3. Em boa verdade, a onda de indignação que se tem manifestado em sectores ideológicos muito diversificados é mais um exemplo da cegueira dominante, detectável em todos os sectores políticos, face ao funcionamento mediático da nossa sociedade. Acima de tudo, é espantoso que não se compreenda que a consolidação eleitoral do BE tem passado por uma hábil gestão da sua visibilidade pública, fenómeno a que já aqui chamei "o mediatismo do Bloco de Esquerda" — no limite mais delirante, qualquer discreta convulsão que aconteça na sociedade portuguesa pode sempre ser noticiada através de algum sinal vindo do BE. Para tal estratégia, mesmo não escamoteando a salutar demarcação individual de algumas personalidades, é indiferente a instrumentalização do imaginário católico — ou de qualquer outra referência histórica e cultural.


4. Nesta perspectiva, importa também dizer que o objectivo não é "ofender", pelo menos no sentido em que os que se consideram ofendidos colocam o problema. Aquilo a que assistimos é ao exercício de uma banal lógica de marketing que, evidentemente, não pensa na sensibilidade dos outros (a começar pela sensibilidade religiosa), nem sequer está preocupada com qualquer tipo de verosimilhança discursiva. Alguma vez Jesus foi personagem de qualquer reflexão sobre a adopção gay? Não importa... Também não consta que Albert Einstein tenha sido um militante das pastilhas de mentol — basta associar uma coisa a outra e assistir ao espectáculo social que isso desencadeia. Aliás, como sempre acontece, o espectáculo prolonga-se através das condenações do cartaz, nomeadamente de personalidades da Igreja [DN], cuja legitimidade não está em causa, embora, uma vez mais, se evite qualquer reflexão crítica sobre um espaço "social" em que prevalece a ideologia do Facebook — quanto mais efeitos mediáticos se desencadearem, multiplicando links ou alargando circuitos, melhor.

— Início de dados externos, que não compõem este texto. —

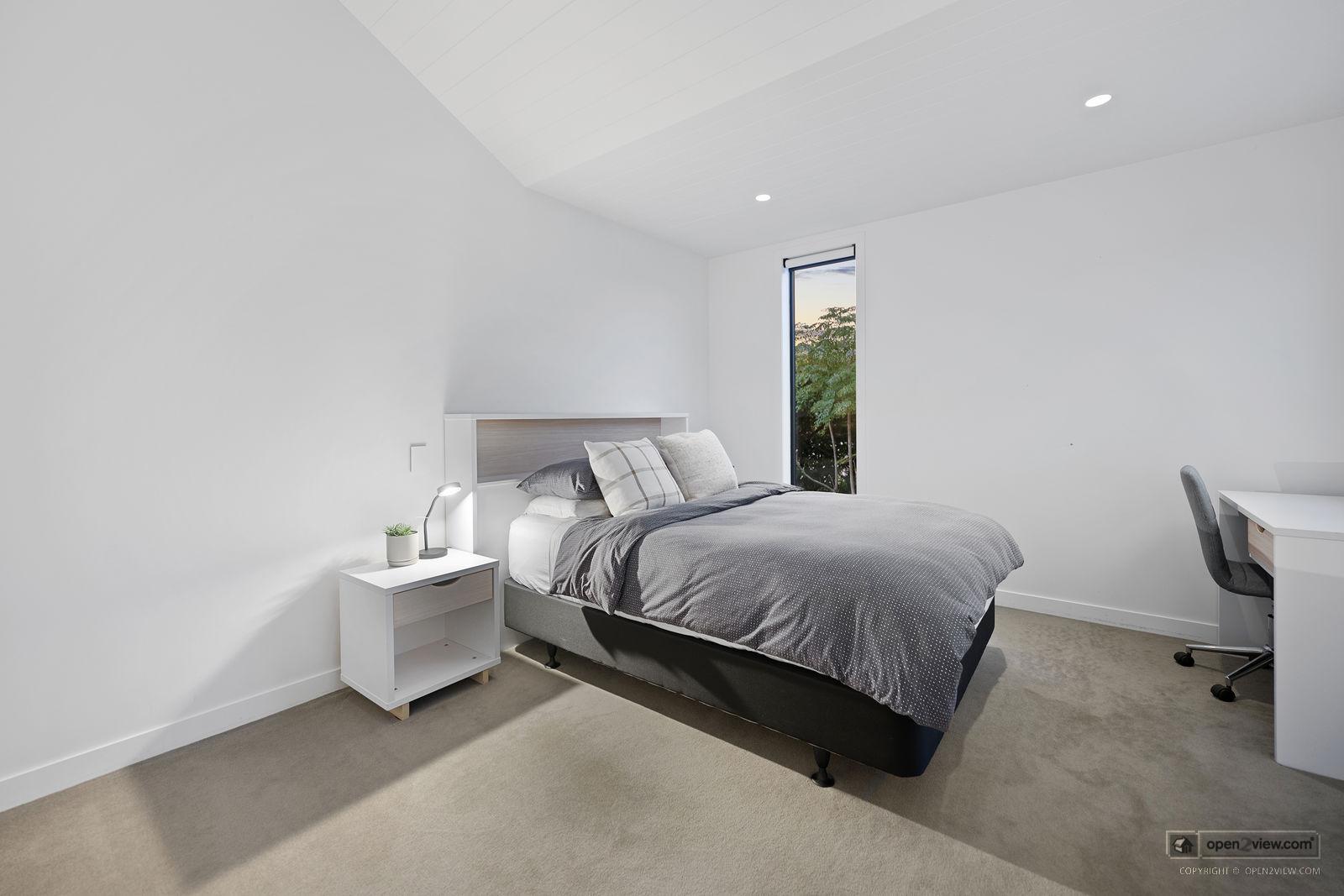Slider image of 24 Seacliffe Avenue, Auckland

5. Esta é uma conjuntura que, também uma vez mais, não pode ser separada do simplismo da dicotomia "esquerda/direita" e, muito concretamente, do modo como Bloco de Esquerda e Partido Comunista secaram a identidade ideológica do Partido Socialista. Aliás, a consagração de uma ideia banalmente voluntarista da "esquerda", enraizada num "acordo de governação" que se faz do desconhecimento mútuo dos respectivos parceiros (Jerónimo de Sousa chegou mesmo a declarar, serenamente, que nas negociações com o PS nunca o PCP se reuniu com o BE), está a contribuir, com apoteótica indiferença, para a reorganização ideológica das forças de "direita" — entenda-se: para o retorno de uma ideia forte, menos crispada e mediaticamente mais ágil, de "direita".